Credit Suisse First Boston, going a step beyond rival firms, has barred equity and debt analysts from owning securities of the companies they cover.
As a climate of suspicion and hostility continues to swirl around research analysts and potential conflicts of interest, CSFB is only the second firm to respond by prohibiting research analysts from owning stock in the companies they cover.
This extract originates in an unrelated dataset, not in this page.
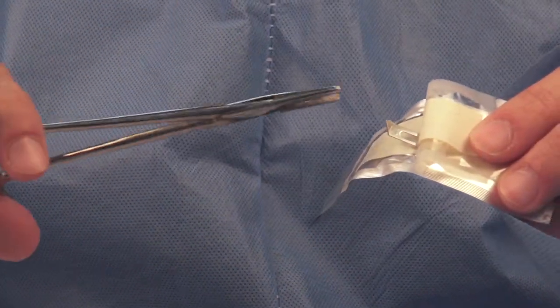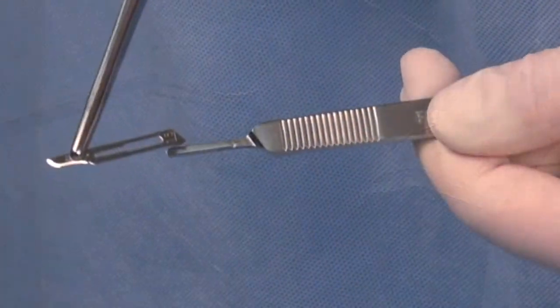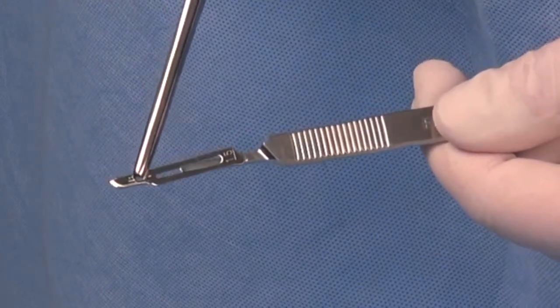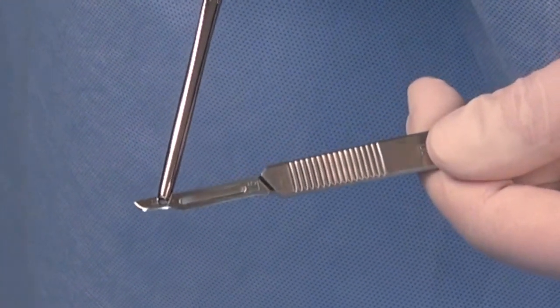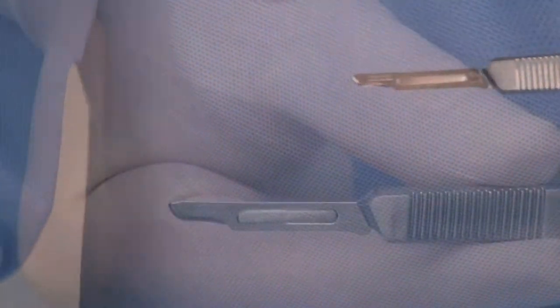To preserve the sharpness of the blade, grasp the blade with forceps or a needle holder at a 45 to 90 degree angle. Holding onto the spine of the blade just above the blade slot, insert the handle into the blade track and slide the blade back onto the handle until it snaps into position.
But it is the first to extend the policy to owning bonds.
CSFB is a focus of regulators’ investigations into how Wall Street firms allocated hot IPOs during the dot-com bubble.
This month the firm, owned by big Swiss bank Credit Suisse group, responded by removing former CEO Alan Wheat and firing three brokers from the firm.
The move is the first change in policy since John Mack, former president of Morgan Stanley Dean Witter & Co. was hired as CEO 12 days ago.
CSFB’s 430 analysts will have until the end of September to sell their securities, but some may be eligible for exemptions so as not to impose undue financial penalties, the firm’s statement said.
Last month, CSFB also changed reporting lines so that all analysts report directly into global equity research and not to investment banking, in response to criticism that analysts’ independence is compromised.
Merrill Lynch & Co., the nation’s largest stock brokerage firm, started the trend this month when it announced that its analysts would not be allowed to buy shares in the companies they cover.
And last week Merrill settled – rather than fight in the courts – a lawsuit filed by a Queens doctor alleging misinformation and conflict of interest from star Internet analyst Henry Blodget.